Brendan, thank you for all of your support throughout this process. We received our cheque today but we are feeling very disillusioned with everything.  Our account is a "churned" account.... Mortgage was rewritten in 2007... We were told  by AIB that it had to be rewritten in order to get a top up on our existing mortgage. Our initial mortgage was July 2005 with a tracker of 1.25 % +ECB. In 2007, on AIBs advice we fixed for 5 years. We requested breakout 3 times between 07 and 2012 but we were only quoted SVR. The figures did not add up in our eyes to break out. Just wondering if you have any advice on this issue? Should our mortgage have been rewritten or should the top up have been a separate issue?  We'd appreciate your advice and input. Once again a sincere thank you for all of your hard work


----------



## Brendan Burgess (24 Aug 2020)

Aibstress said:


> We were told by AIB that it had to be rewritten in order to get a top up on our existing mortgage.



This is very interesting. 

Are you saying that you and your partner had a mortgage on 20 High Street for €200k. 

You wanted an additional €20k. 

They insisted that you take out a new mortgage? 

In other words, you were not changing the borrowers or you were not changing the property? 

Brendan


----------



## Aibstress (24 Aug 2020)

Yes Brendan that's correct   we only asked for a top up of 20k on our existing mortgage but they told us the loan had to be rewritten in order to get top up.
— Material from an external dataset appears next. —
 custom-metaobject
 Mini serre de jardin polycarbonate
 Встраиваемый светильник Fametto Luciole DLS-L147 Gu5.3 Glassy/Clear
Therefore we lost our tracker.  We were not changing borrower or property


----------



## Brendan Burgess (24 Aug 2020)

OK

There does not seem to be any reason at all for you to have given up your tracker mortgage. 

Of course, we have not heard AIB's side of this story, but I can't imagine why you would ask them to or even think of asking them to give you a new mortgage. 

There was no reason for AIB to ask you to do it either?  Except to extinguish your right to a tracker. 

Danske Bank did this as a matter of course because of their computer setup. 

Some of their customers have complained to the Ombudsman as they were excluded from the Tracker Review. 

The Ombudsman has reported that an unnamed lender has appealed on of his decisions on trackers to the High Court.

The High Court listing shows that Danske Bank has appealed a case to the High Court. 

I strongly suspect that this is the issue on which the Ombudsman has decided.  

So I think you should make a formal complaint in writing to AIB and ask for a tracker based on your 2005 initial mortgage. 

If they refuse, then you could lodge a complaint with the Ombudsman. 

Then keep an eye on the Ombudsman's published decisions or on High Court cases involving the Ombudsman and Danske.

Brendan


----------



## Aibstress (24 Aug 2020)

Brendan Burgess said:


> OK
> 
> There does not seem to be any reason at all for you to have given up your tracker mortgage.
> 
> ...


Thanks for the information and advice brendan... Will keep you posted


----------